Texas A&M offers students two pathways for earning an MS in economics. The thesis pathway is the more traditional of the two and includes more of a focus on economics research and creative exploration than the non-thesis pathway. The non-thesis track offers a choice between two concentrations: Financial Economics or Financial Econometrics. Regardless of track, students are assigned an advisory committee of at least three graduate faculty members who can advise them on their thesis or coursework pursuits. Since all students’ study plans are completed before beginning the program, they are able to jump right in without delay once the semester starts.

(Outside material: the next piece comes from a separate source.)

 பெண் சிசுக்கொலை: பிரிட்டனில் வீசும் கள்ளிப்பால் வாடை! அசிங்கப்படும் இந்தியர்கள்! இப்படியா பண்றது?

The thesis option includes 32 credit hours. Some of these are fulfilled via the research and thesis development required for graduation. In addition, thesis-track students must maintain continuous enrollment in the university until they graduate, whereas non-thesis track students may stop and start with slightly more freedom. Both tracks allow up to seven years for degree completion. This is plenty of time, even for working students or those with families. The non-thesis track requires 36 semester credit hours. A maximum of 12 credit hours may be transferred in from another university, or from Texas A&M classes taken as part of a bachelor’s degree program.



The University of Wyoming’s MS in Economics gives students the background they need to succeed in both economic theory and economic analysis. The curriculum is designed for future economists in both private industries and positions with the federal government. It allows students the flexibility to terminate their studies after graduation or to continue for a Ph.D., if they find that research and academia suits their interests. Wyoming offers courses from a variety of fields. Within those fields, students can choose to generalize or specialize in one or two subsections depending on their career ambitions. Concentration areas include Environmental and Natural Resource Economics, International Trade, Industrial Organization, Development Economics, and Behavioral and Experimental Economics.

Furthermore, UW allows students to pursue either a thesis or a non-thesis track for graduation. The thesis track consists of 27 credit hours of coursework plus research and thesis development, while the non-thesis track consists of 30 credit hours of coursework. The non-thesis track still requires students to complete a shorter paper to demonstrate their expertise and understanding of the work completed on the path to graduation. Whichever they choose, students who have the time and resources available to dedicate to the program can complete it in as few as three semesters. Most complete it in four semesters, or across two years.

Getting into this flexible program is a little easier than several competing programs. Applicants are not required to submit letters of recommendation, although, of course, two or three will bolster the odds of being accepted. No resume is required either, but any relevant work experience will be welcomed. Instead, UW typically hosts Skype interviews with promising candidates after the initial review of their application materials. Similar to a professional job interview, these meetings will help determine applicants’ suitability for the program. The department also offers several funding assistance programs for students who show strong promise or who have been to the university before.

Once accepted into the program, UW’s alumni network is almost as valuable as the degree itself. Students are eligible to join a nationwide email list and to work with other UW graduates who’ve already found careers with organizations across the country. UW also fosters a strong sense of collaboration and research, and the university’s economics department specializes in four broad areas of economics research. This is one of the best schools to attend for anyone who is unsure if they wish to stop with a master’s degree or press on to a Ph.D. 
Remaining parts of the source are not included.